Mohon tunggu...
Felix Tani
Felix Tani Mohon Tunggu... Ilmuwan - Sosiolog dan Penutur Kaldera Toba

Memahami peristiwa dan fenomena sosial dari sudut pandang Sosiologi. Berkisah tentang ekologi manusia Kaldera Toba.

Selanjutnya

Tutup

Kebijakan Pilihan

Kemiskinan Logika di Balik Pembangkangan Wali Kota Pariaman

18 Februari 2021   11:45 Diperbarui: 18 Februari 2021   15:09 1212
+
Laporkan Konten
Laporkan Akun
Kompasiana adalah platform blog. Konten ini menjadi tanggung jawab bloger dan tidak mewakili pandangan redaksi Kompas.
Lihat foto
Bagikan ide kreativitasmu dalam bentuk konten di Kompasiana | Sumber gambar: Freepik

Negara Kesatuan Republik Indonesia (NKRI) ini, sebagai sebuah konsesus nasional, akan berantakan jika sepuluh persen saja dari 514 orang bupati/walikota di Indonesia (data Januari 2020) memanggungkan kemiskinan logika seperti Genius Umar, Walikota Pariaman. 

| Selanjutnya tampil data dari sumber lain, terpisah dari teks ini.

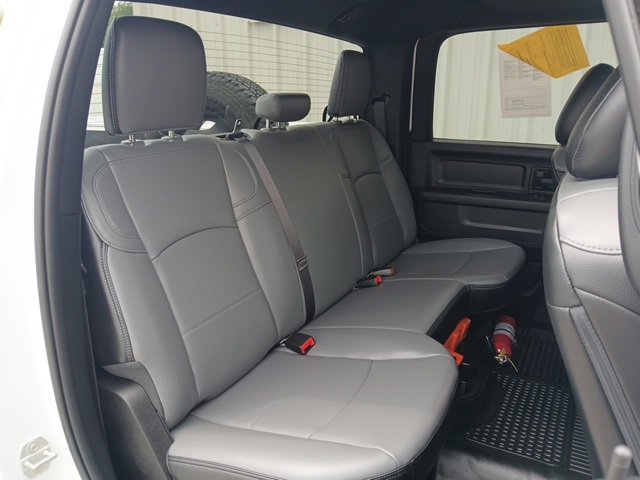 Used 2024 RAM 3500 Tradesman w/ Safety Group image 27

Ramai di media massa dan media sosial, Walikota Pariaman itu diberitakan  menolak pemberlakuan SKB 3 Menteri (Mendikbud-Mendagri-Menag) Nomor 02/KB/2021, 025-199/2021 dan 219/2021  tentang Penggunaan Pakaian Seragam dan Atribut bagi Peserta Didik, Pendidik, dan Tenaga Kependidikan di Lingkungan Sekolah yang Diselenggarakan Pemerintah Daerah pada Jenjang Pendidikan Dasar dan Menengah.[1]

Terkait peran pemda, SKB 3 Menteri itu mengatur bahwa, pertama, pemda dan sekolah tidak boleh mewajibkan ataupun melarang seragam dan atribut dengan kekhususan agama dan, kedua, pemda dan kepala sekolah wajib mencabut aturan yang mewajibkan atau melarang seragam dan atribut dengan kekhususan agama.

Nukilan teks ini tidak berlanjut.